Oct 31 2008 -
In October, Congress passed legislation that contained important tax relief for Mississippi and our country. The bill included extensions of tax relief provisions that have recently expired or are about to expire. This represented a bipartisan victory for taxpayers, especially at a time when positive economic news is needed.
Considering our economic challenges, some have suggested that now is the time to raise taxes. Doing so, however, would only deepen and prolong our economic downturn. I believe in lower taxes and have consistently fought to provide all Mississippians with tax relief. Congress needs to build on this recent action and pass additional tax relief to help spur economic activity.

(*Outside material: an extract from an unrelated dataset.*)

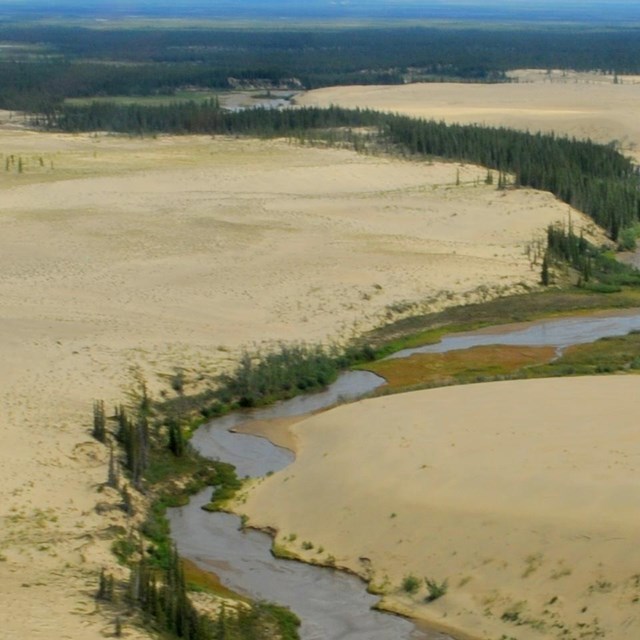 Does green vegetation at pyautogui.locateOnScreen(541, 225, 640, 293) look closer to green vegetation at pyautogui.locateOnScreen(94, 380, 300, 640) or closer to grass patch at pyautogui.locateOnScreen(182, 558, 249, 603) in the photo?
green vegetation at pyautogui.locateOnScreen(94, 380, 300, 640)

TAX RELIEF FOR MISSISSIPPIANS
The tax relief passed last month contained a number of provisions beneficial to Mississippi, including a one-year extension of Alternative Minimum Tax (AMT) relief. While perhaps not a household name, the AMT is a serious problem facing more and more families each year. In 1969, the federal government introduced the AMT as a way to ensure 155 of the wealthiest Americans paid their taxes. The tax was never indexed for inflation, however, and today the AMT targets 23 million Americans, threatening to raise their taxes by an average of $2,300 per year. The legislation recently passed provided a one-year shield for those 23 million taxpayers, but Congress should take additional action to permanently repeal this unintended tax.
The bill also contained provisions important to Mississippi’s schools, including a four-year extension of the Secure Rural Schools Act. This legislation provides federal funding for several Mississippi school districts in counties where federal land ownership reduces local property tax collection. Additionally, the educator’s deduction was extended, allowing teachers to deduct up to $250 of their out-of-pocket classroom expenses from their federal tax bill.
Finally, to further assist rebuilding efforts along Mississippi’s Gulf Coast, the bill extended the increased rehabilitation tax credit originally included in the GO Zone legislation. This credit helps encourage businesses and developers to rebuild and restore historic buildings that were damaged by Katrina.
SET TO EXPIRE
While this recently-passed tax relief was a positive development, more needs to be done to ensure taxes aren’t raised on families and small businesses. Sweeping tax cuts implemented in 2001 and 2003 should be made permanent. These measures cut taxes for everyone by lowering all tax brackets, including the creation of the new 10 percent bracket for low-income taxpayers. This tax relief also included a reduction in the marriage penalty, an increase of the child tax credit, and a phasing-out of the “death tax” that hurts small businesses and family farms. This tax relief is set to expire in 2011, and unless Congress acts to extend these measures or make them permanent, families will be hit with the largest tax increase in our nation’s history.
CONTINUED TAX RELIEF
I was glad Congress took the action it recently did to extend key tax relief provisions. Since 2001, I believe we have put into place many pro-growth, pro-taxpayer policies that are beneficial to Mississippi and our entire country. It is important that Congress build on recent legislative success and work to pass additional tax relief and extend current tax relief provisions that are set to expire. Doing so will put more money in your pocket and place us on the road to economic recovery.